SUPPLIED RECORDS:

══════════

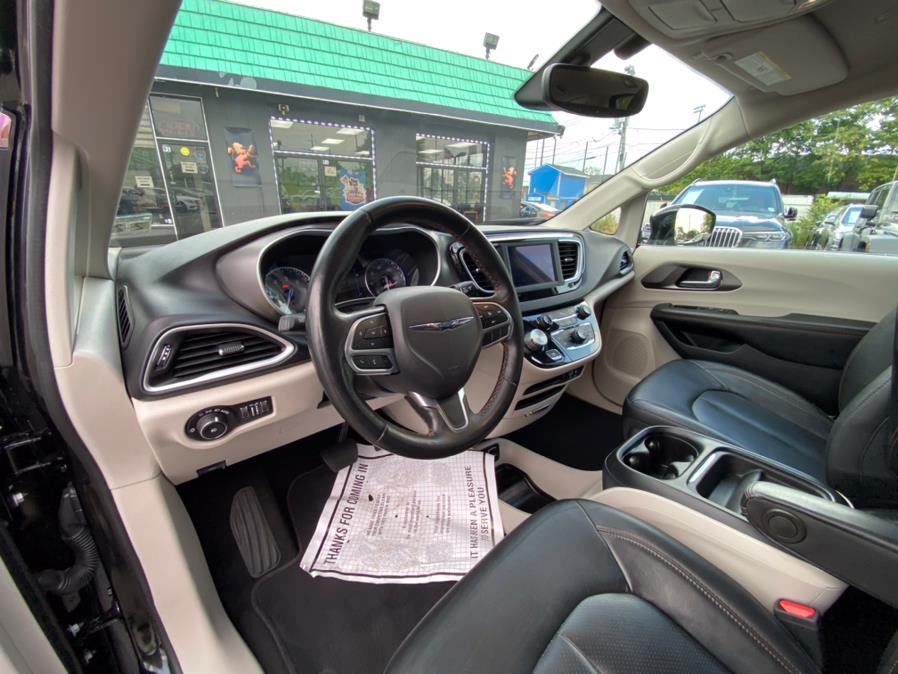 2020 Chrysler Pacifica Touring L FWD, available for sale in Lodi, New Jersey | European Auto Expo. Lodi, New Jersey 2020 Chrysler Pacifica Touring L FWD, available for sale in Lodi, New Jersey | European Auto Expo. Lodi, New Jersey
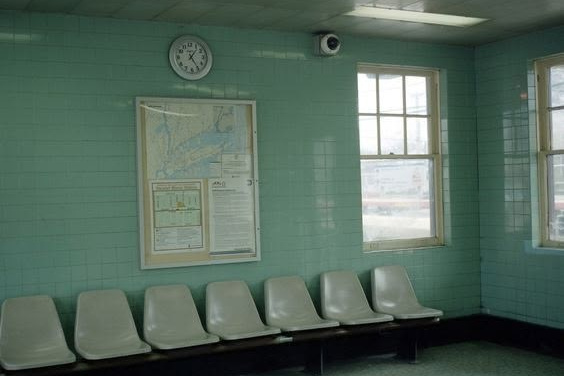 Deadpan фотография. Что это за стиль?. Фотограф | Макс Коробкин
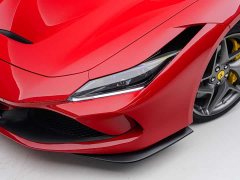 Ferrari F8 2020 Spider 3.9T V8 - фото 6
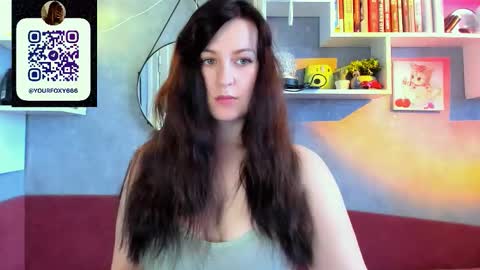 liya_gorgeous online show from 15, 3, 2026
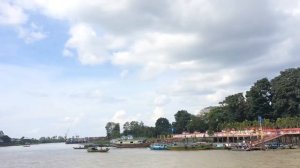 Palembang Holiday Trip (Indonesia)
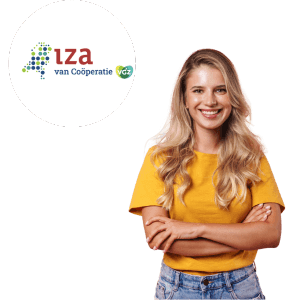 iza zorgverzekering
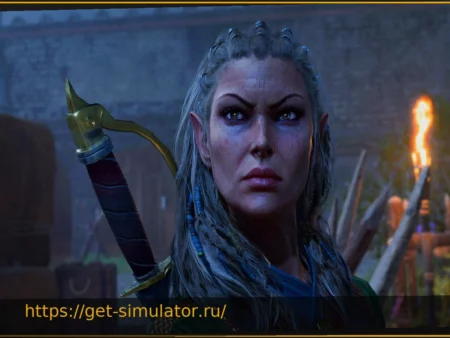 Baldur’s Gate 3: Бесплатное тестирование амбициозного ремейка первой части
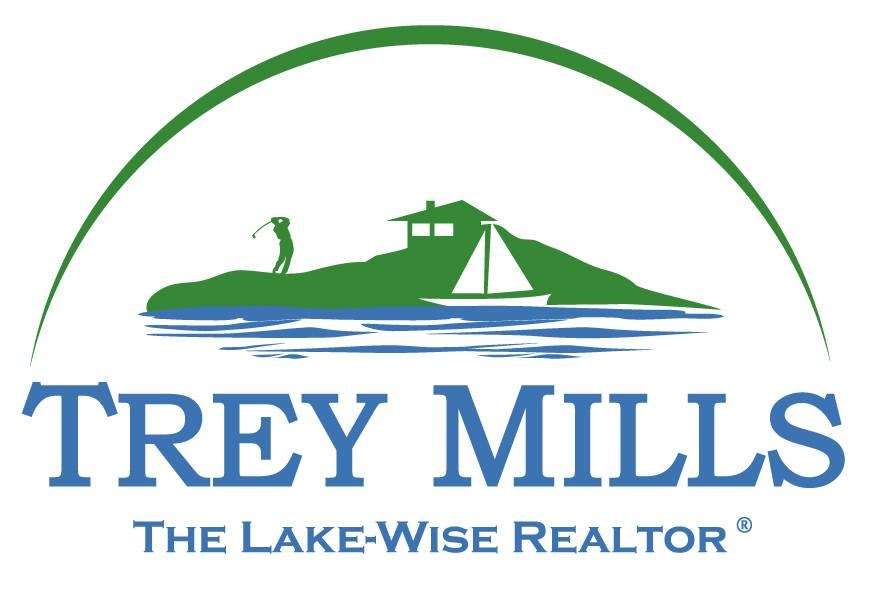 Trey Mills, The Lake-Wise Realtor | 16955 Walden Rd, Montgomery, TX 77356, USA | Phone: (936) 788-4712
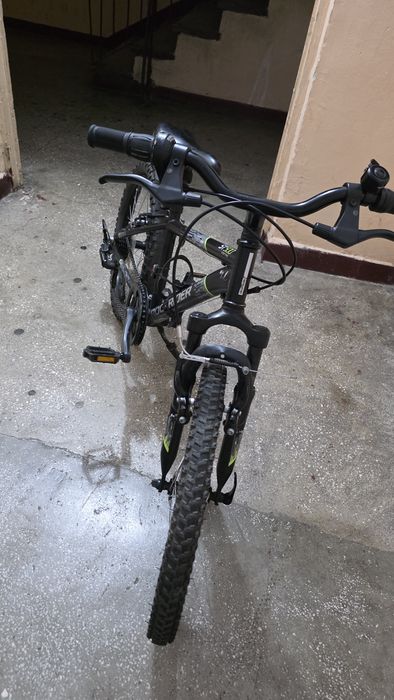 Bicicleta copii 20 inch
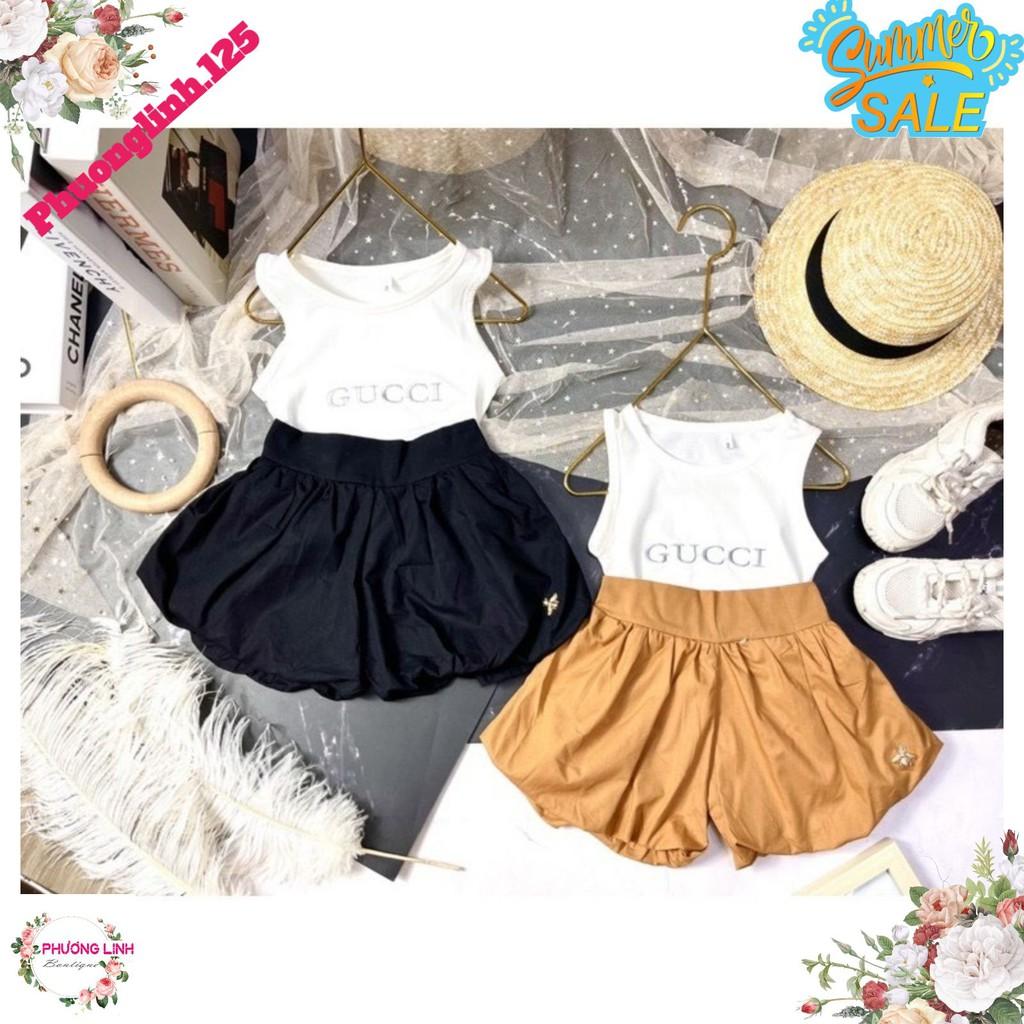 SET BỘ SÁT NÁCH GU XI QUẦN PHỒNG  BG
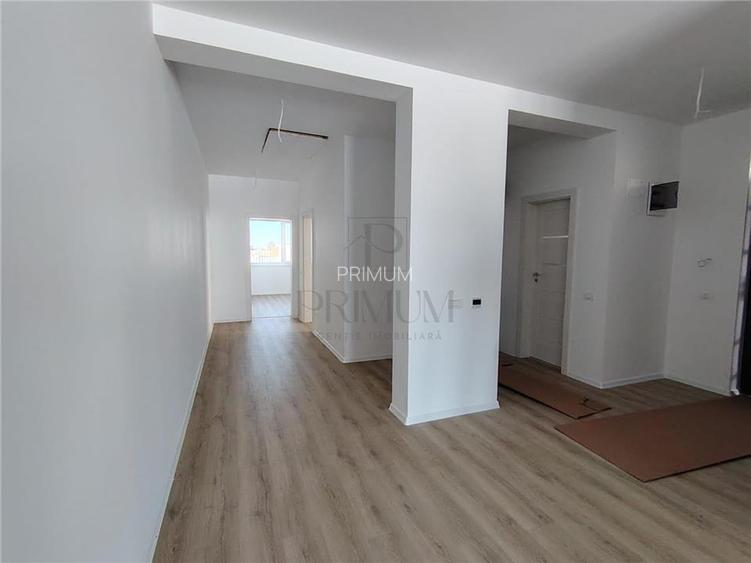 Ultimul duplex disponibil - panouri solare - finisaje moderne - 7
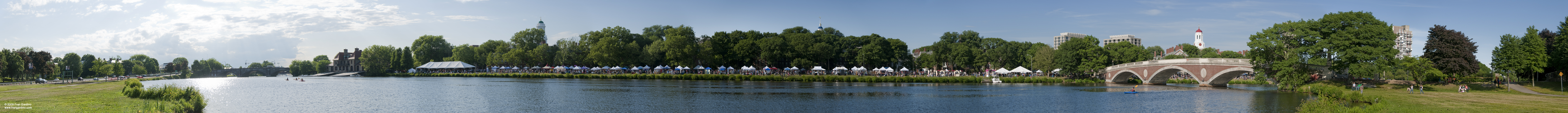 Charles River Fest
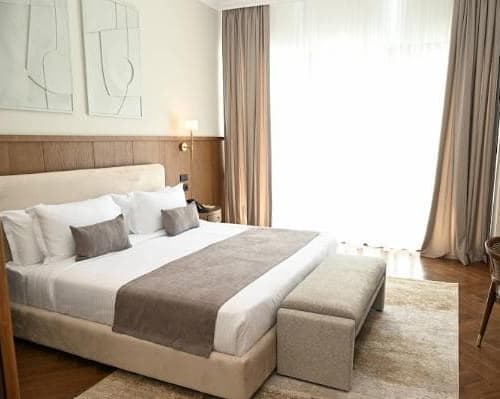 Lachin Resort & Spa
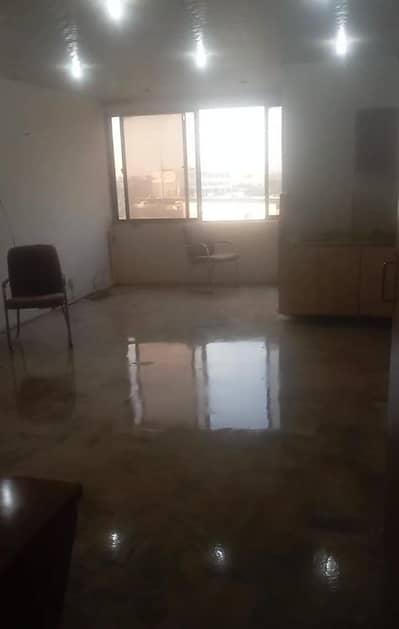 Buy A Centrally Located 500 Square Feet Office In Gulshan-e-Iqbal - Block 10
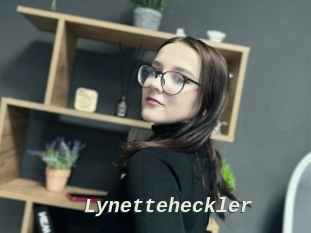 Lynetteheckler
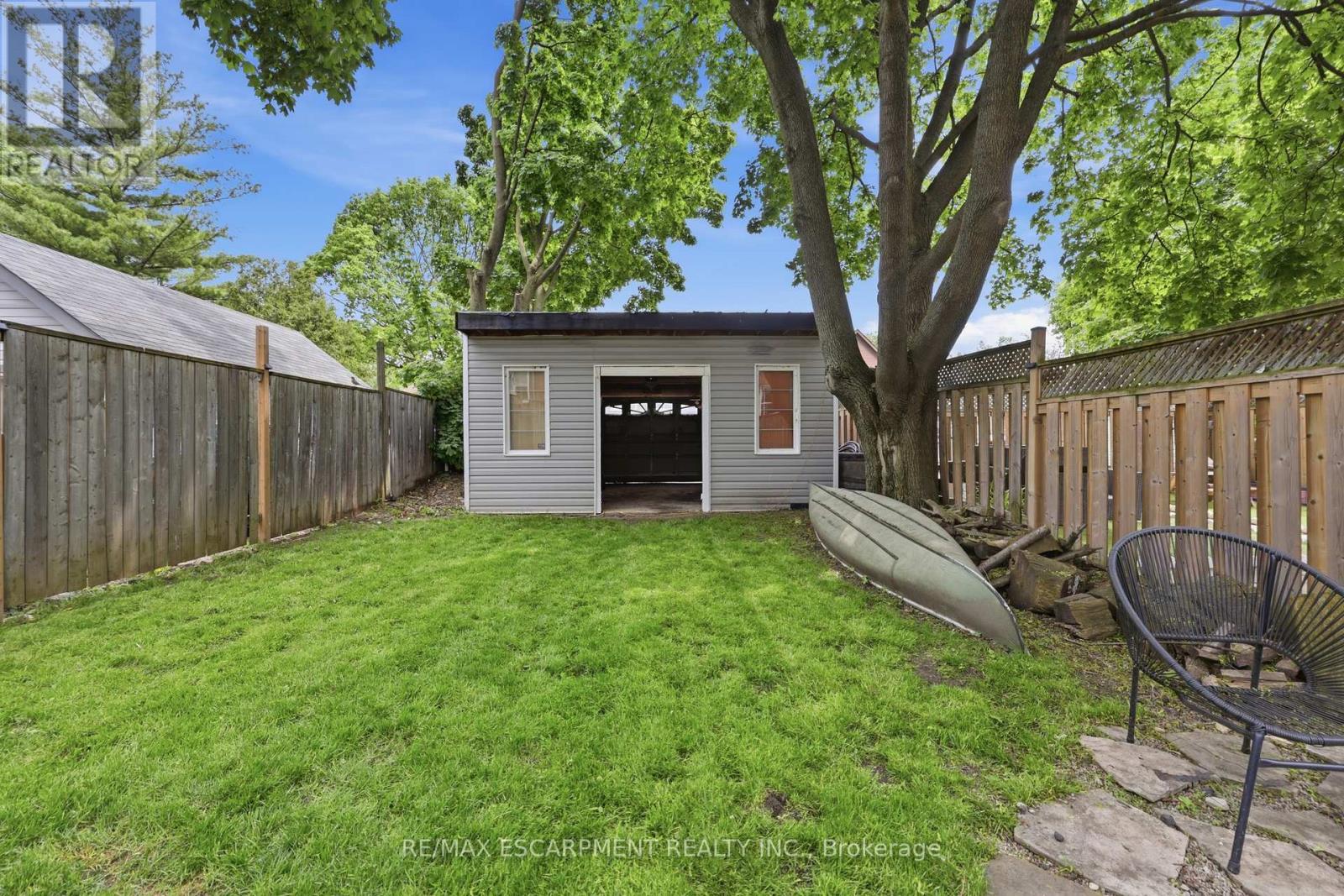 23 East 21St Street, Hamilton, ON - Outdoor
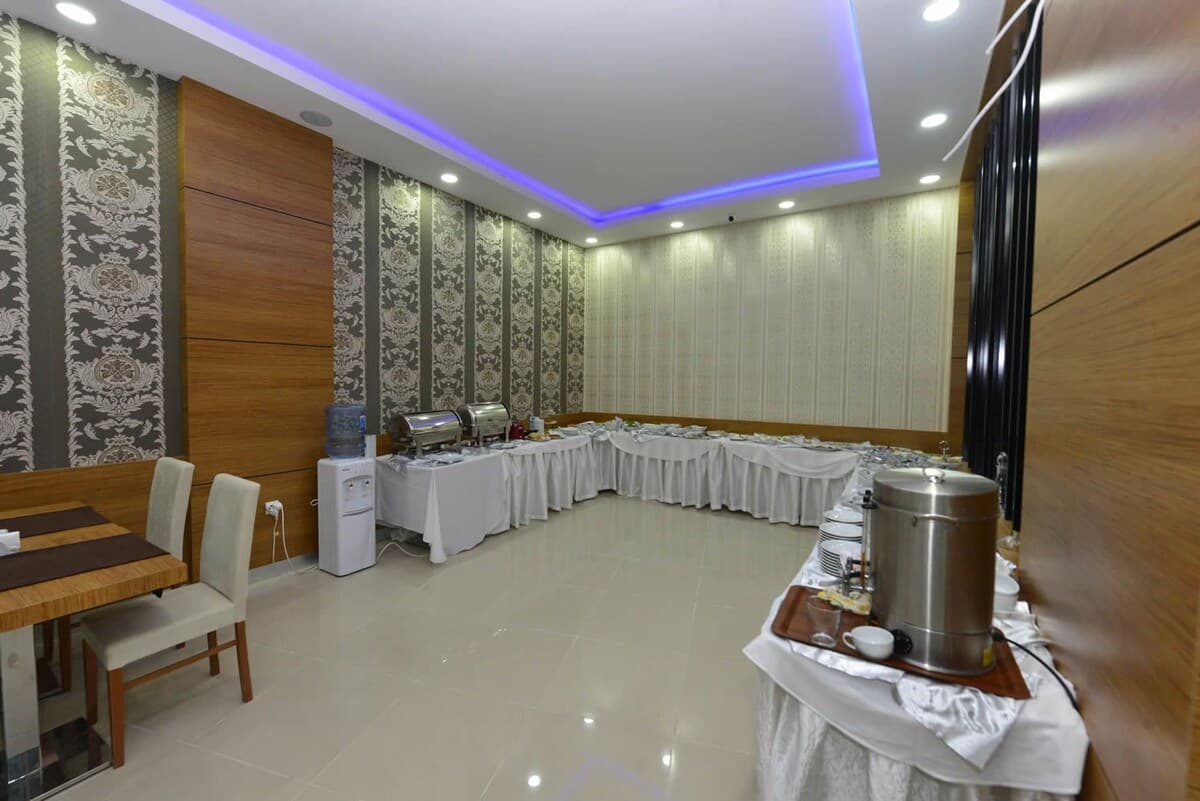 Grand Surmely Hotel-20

══════════

EXERCISE DETAILS: Repeat word for word the lines beginning at the one with "Deadpan фотография. Что" and ending at the final line of the records above, both included, and no others. Leave the pictures out.

ANSWER BELOW:
 Deadpan фотография. Что это за стиль?. Фотограф | Макс Коробкин
 Ferrari F8 2020 Spider 3.9T V8 - фото 6
 liya_gorgeous online show from 15, 3, 2026
 Palembang Holiday Trip (Indonesia)
 iza zorgverzekering
 Baldur’s Gate 3: Бесплатное тестирование амбициозного ремейка первой части
 Trey Mills, The Lake-Wise Realtor | 16955 Walden Rd, Montgomery, TX 77356, USA | Phone: (936) 788-4712
 Bicicleta copii 20 inch
 SET BỘ SÁT NÁCH GU XI QUẦN PHỒNG  BG
 Ultimul duplex disponibil - panouri solare - finisaje moderne - 7
 Charles River Fest
 Lachin Resort & Spa
 Buy A Centrally Located 500 Square Feet Office In Gulshan-e-Iqbal - Block 10
 Lynetteheckler
 23 East 21St Street, Hamilton, ON - Outdoor
 Grand Surmely Hotel-20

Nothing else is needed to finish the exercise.